Introduction to Artificial Inteligence

Assignment 5 (bonus)

Programming assignment - learning

In this assignment, you will implement the greedy heuristic decision-tree learning algorithm studied in class. The heuristic will be the standard information-gain heuristic. You will train classifiers for the possibly-hostile rock sample scenario from assignment 4.

Program description: your input will be a scenario and a set of observation locations, exactly as in part 1 of assignment 4, except that the value of the sensor readings will not be instantiated. Using that, you will use the distribution defined by the Bayes network you constuct to generate a set of EXAMPLES (number of examples should be a user-specified parameter, typical values being 100, 1000, etc.), and store them (prefrerably to some file). You can generate the examples by using the sampling algorithm studied in class.

Then, your program should query the user for a target attribute (one of the variables: either a specific site, or the truth value of Calan's theory), and learn the decision-tree classifier for that target variable. The decision tree classifier is one output.

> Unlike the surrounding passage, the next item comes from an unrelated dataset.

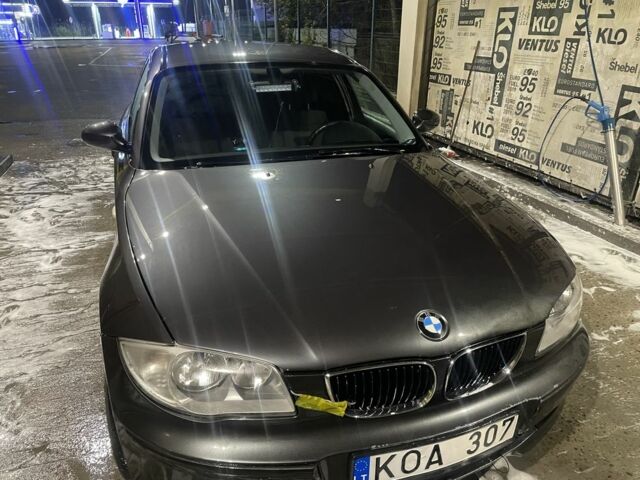 Серый БМВ 1 Серия, объемом двигателя 1.6 л и пробегом 190 тыс. км за 3500 $, фото 1 на Automoto.ua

Note that you should use part of the examples you generated as a training set, and another part as the test set, randomly selected. The user should be able to select the size of the trainig set. You should also output the classification result quality of your classifier on the test set.

Deliverables:

Your program.
Report on a set of experimental examples: a specific scenario, target attribute, the resulting tree, and the classifier quality. You should provide a graph of the test results vs different values of the fraction of the training set.

Deadline: March 10, 2007.